Some Santa Barbara County residents caught a rare glimpse of a U-2 spy plane last month.
Observers said the aircraft made a gear-down, low-approach flight at the Santa Barbara Airport.
“The reason for the U-2 flying in the area was for a training sortie,” said Kathryn Miller, a spokeswoman for Beale Air Force Base near Marysville in Yuba City.
Even before the official word, that’s what aviation experts, including Chris Kunkle of the Santa Maria-based Central Coast Jet Center, figured as the reason for the flight. He added that the pilots often train in the area while flying T-38s.
Their training often includes various flight profiles — differing heights and lengths — so pilots can hone their skills and remain qualified to fly the aircraft, Kunkle said.
Whatever the reason, the rare chance to see the spy plane fly was welcomed even by those who spend their time around airports.
“I thought it was pretty cool,” said Chris Hastert, general manager of the Santa Maria Public Airport.

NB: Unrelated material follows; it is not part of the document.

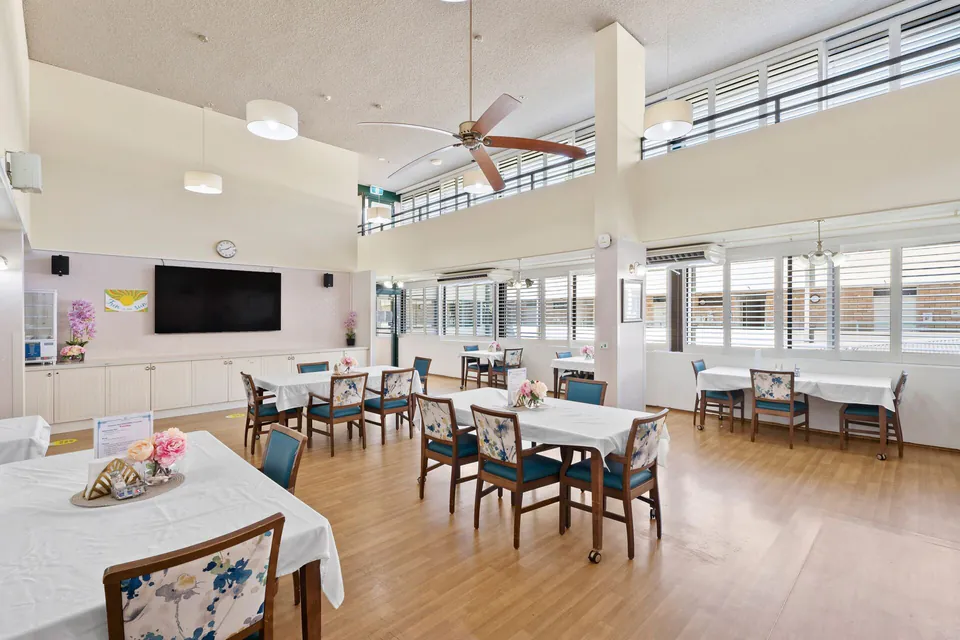 High-ceiling dining room with tables and chairs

He saw the end of the flight and then tracked it as it traveled south to Santa Barbara.
The U-2 spy plane is a high-altitude, all-weather surveillance and reconnaissance aircraft, according to an Air Force fact sheet.
The single-seat, single-engine, high-altitude/near space aircraft can collect various types of intelligence, surveillance and reconnaissance.
Its long and narrow wings — the wingspan stretches 105 feet — give the U-2 glider-like characteristics.
The plane is built by Lockheed Martin’s Skunk Works and has unique capabilities and characteristics, including a unique land gear and requirements, according to the Air Force.
Many of those reasons have led to the U-2 spy plane being designated with the title as the most difficult aircraft to fly.
The fleet boasts more than 30 aircraft, including two-seat trainers plus NASA’s two ER-2s, a variant of U-2 used as flying laboratories by the space agency.